Beginning with the line that contains "Embrun Auto Tech", retype the entries below exactly, ending with the line that contains "Play Londonian Gothics". Leave out any pictures.
Start of Material for this exercise
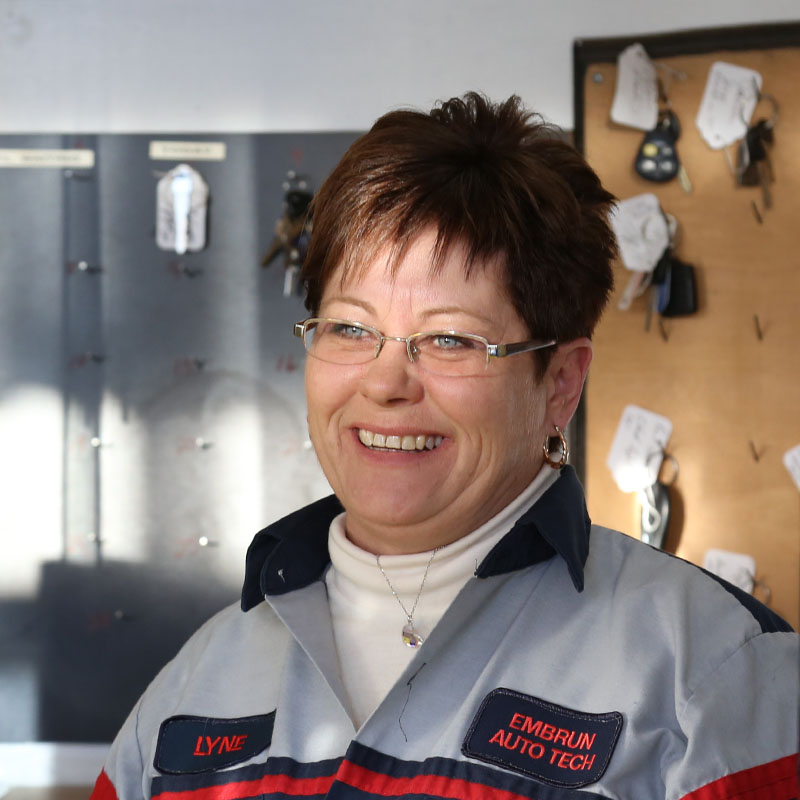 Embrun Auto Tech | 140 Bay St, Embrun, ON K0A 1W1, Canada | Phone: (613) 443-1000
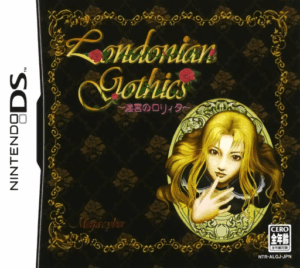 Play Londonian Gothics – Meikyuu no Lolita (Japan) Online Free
End of Material for this exercise
Start of Material for this exercise
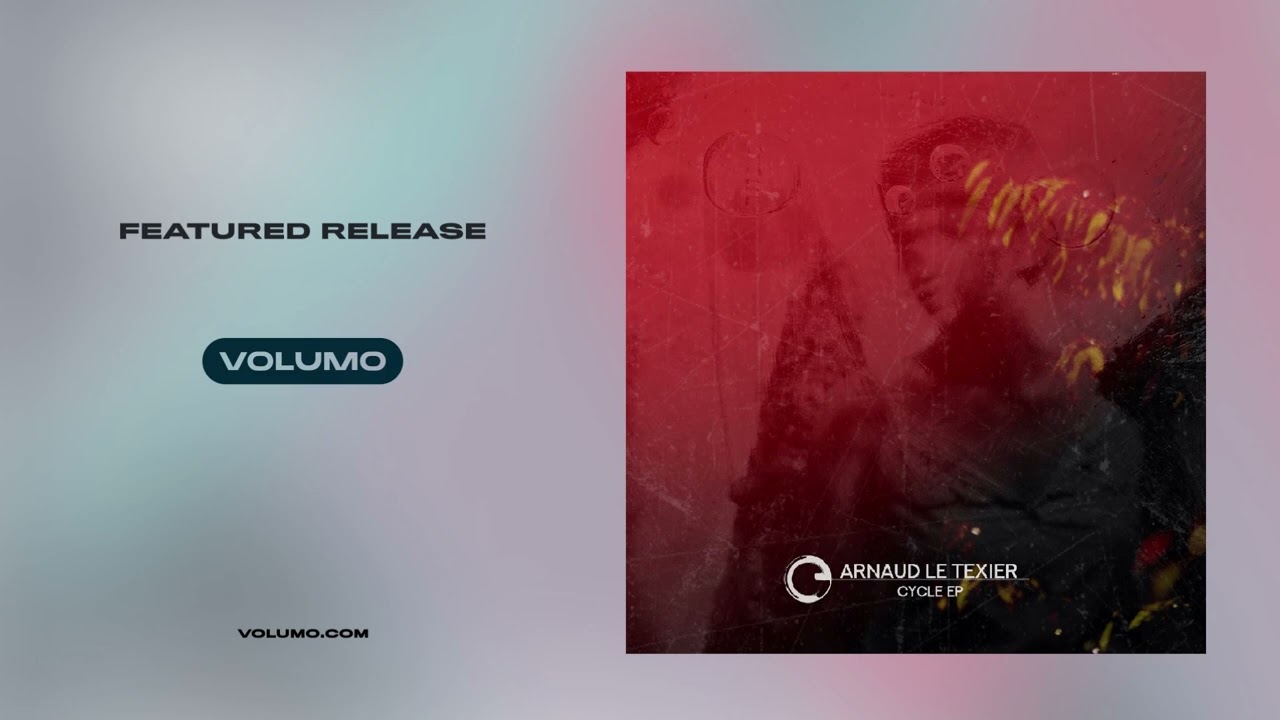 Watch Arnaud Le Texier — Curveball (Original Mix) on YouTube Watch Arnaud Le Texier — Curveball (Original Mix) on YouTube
End of Material for this exercise
▸ **Output of the exercise**
 Embrun Auto Tech | 140 Bay St, Embrun, ON K0A 1W1, Canada | Phone: (613) 443-1000
 Play Londonian Gothics – Meikyuu no Lolita (Japan) Online Free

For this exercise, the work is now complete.